Jon Simms lo expresa suavemente. La realidad es un trabajo más duro. Más de cincuenta años después, McLaren Special Operations (MSO) recogió el guante. No lo adivinaron. Desenterraron moldes originales, dibujos polvorientos y fotografías antiguas. El resultado es único. Solo uno. Lo verás en el Festival de Velocidad de Goodwood de este año si tienes la suerte de estar allí.
Los huesos son británicos
Debajo del capó se encuentra un nombre familiar para cualquiera que recuerde la tendencia transatlántica de cambio de motor: un Chevrolet V8 de 5.7 litros. Genera aproximadamente 370 caballos de fuerza. No es rápido para los estándares modernos. Rápido para 1967. La potencia pasa por una manual de cinco velocidades. Aquí no hay remos. Cambias con la mano.
Las cabezas de este bloque son únicas. Presentan una doble “joroba de camello”. Una firma visual distintiva que la nueva construcción mantuvo exactamente como la diseñó Bruce.
El chasis proviene directamente de un marco M6A original. La autenticidad no era opcional; era obligatorio. ¿Los paneles de la carrocería? Formado exactamente en los mismos moldes que Bruce usó en su día. Incluso los sujetadores les lanzaron una bola curva. El Reino Unido abandonó las medidas imperiales hace décadas, pero este automóvil las exigía. Remaches de cúpula, pernos, clips: todo tuvo que mecanizarse en pulgadas porque el hardware original hablaba unidades inglesas.
Hacer el parabrisas fue una pesadilla. No quedaron plantillas. El equipo tuvo que escanear fragmentos del cristal original y enviarlos a especialistas que literalmente tuvieron que conjurar nuevas curvas de la nada.
Fantasmas blancos y verdes de Colnbrook
El color es blanco Colnbrook. Cremoso. Cálido. El nombre de la pequeña fábrica donde Bruce soñó que todo este proyecto existiera. Esa tienda estaba justo debajo de la ruta de vuelo hacia lo que entonces era el aeropuerto de Londres (hoy Heathrow). ¿Por qué allí? El aislamiento acústico es un mito; La velocidad era el punto. Bruce no quería perder tiempo entre las sesiones de carrera y su escritorio.
En el interior, las cosas se vuelven nostálgicas.

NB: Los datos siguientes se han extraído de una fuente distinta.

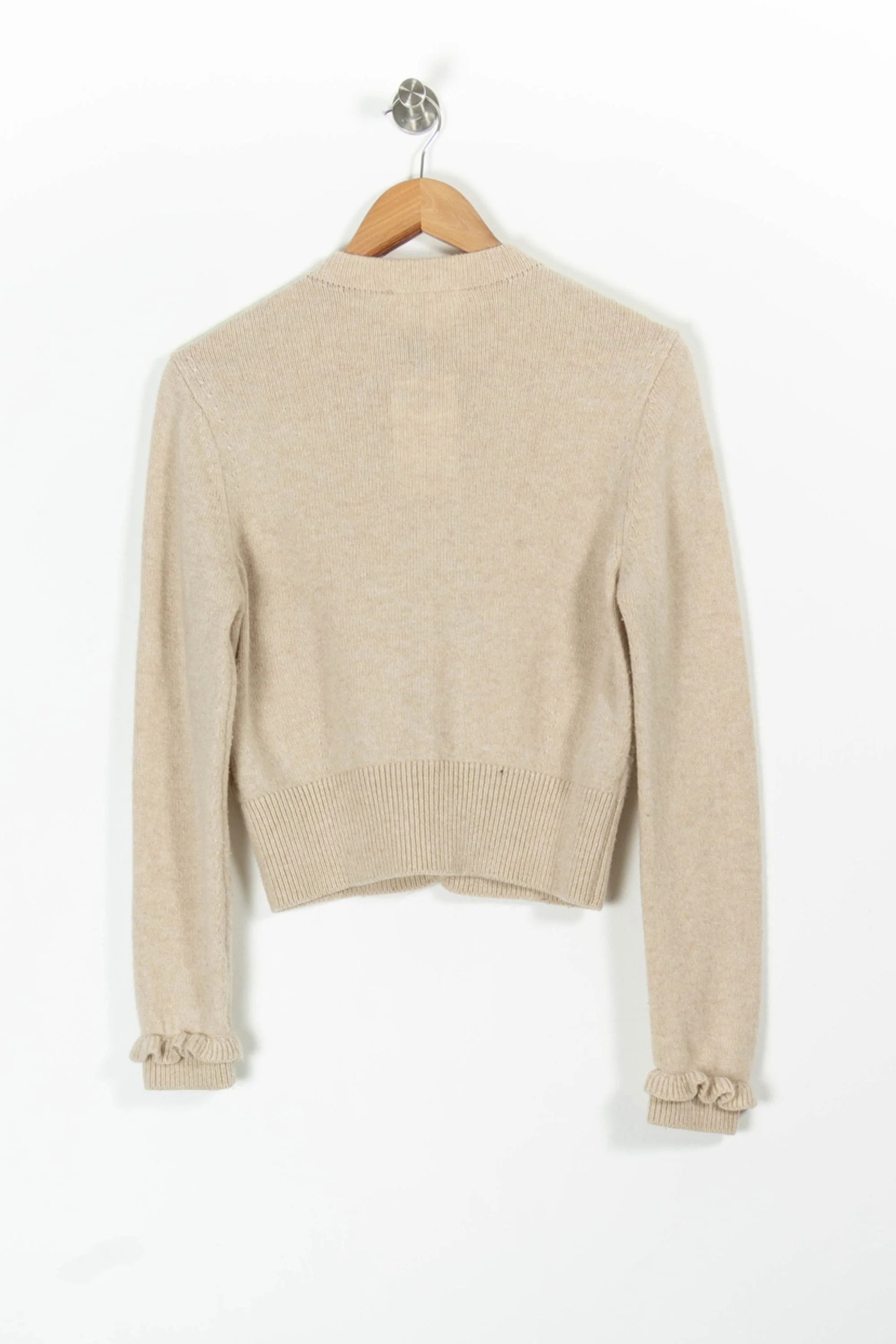 Cardigan Beige - Taille S/36 - Image 4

El interior es verde. Hace eco del M2B, el primer coche de Fórmula 1 de McLaren de 1966, que vestía de blanco con una franja verde. Esta cabaña no está abarrotada. Sin pantallas. No hay botones que no puedas ver en la oscuridad. Sólo asientos de vinilo, indicadores analógicos básicos y una perilla de cambio tallada en nogal. Sencillo.
¿No es extraño cómo las herramientas más simples parecen las más precisas?
MSO normalmente construye cosas que gritan más rápido que el sonido. Construyen bestias de edición limitada que cuestan tanto como una casa y acumulan polvo en los garajes. ¿Esto? Esto se siente diferente. Es más lento. Más tranquilo. Y tal vez por eso sea importante. No es otro triunfo en la hoja de especificaciones. Es un homenaje a un tipo que construyó una fábrica debajo de los aviones del aeropuerto y quería que su auto de carreras fuera al trabajo.
Te dejaremos con el auto, blanco como la leche, verde por dentro, perfectamente quieto mientras la historia avanza.